Saturday, September 3rd, 2005

In Katrina, New Orleans and the Limits of Knowledge, Art De Vany explains that some phenomena don’t follow the statistical rules we’re used to:

For New Orleans, Katrina is the storm of the century. Or is it?

It turns out there is no storm of the century in the statistical sense. Looking back, one can see what the biggest storm was over the past. But, in forecasting storms one never knows what the biggest event will be or how probable it is.

The 100 year flood plain that many of you will know of because of home purchases, does not exist. That’s right, the 100 year flood plain that represents an attempt to forecast what area will flood from the biggest storm likely to occur in the next century is impossible to calculate. But, it is done all the time and has taken hold as the way to quantify flood risk.

It does not exist because the rain fall time series in a location does not have a mean. How can it not have a mean? It has an average, which is just a calculation looking back at past rain falls and taking the average as the sum of the rain falls divided by the number. But, even though the series has an average (called the sample average) it does not have a mean. It turns out the average is dominated by extreme events; forty percent of the total erosion in a decade is done by a single storm. And, of all the storms we have seen we can never know what the future will hold. Larger ones are probable.

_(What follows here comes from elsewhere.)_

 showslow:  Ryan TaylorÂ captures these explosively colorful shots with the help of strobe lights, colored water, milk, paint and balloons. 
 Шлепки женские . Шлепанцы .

The mean is a parameter of the underlying true probability distribution of rain falls. But, it need not exist and does not exist for rain fall. Why should it? Nature doesn’t do means as often as people like to think, given their exposure to averages in every thing they read. In order for there to be a mean the probabilities of large events have to fall off quickly enough for the integral of the size of the event, x, with the probability density of the event, f(x), to converge.

It turns out that it doesn’t for rain fall and for a lot of other natural phenomena. In other cases, the mean exists but the variance does not. This is true of hurricanes and tornadoes for example. And the movies.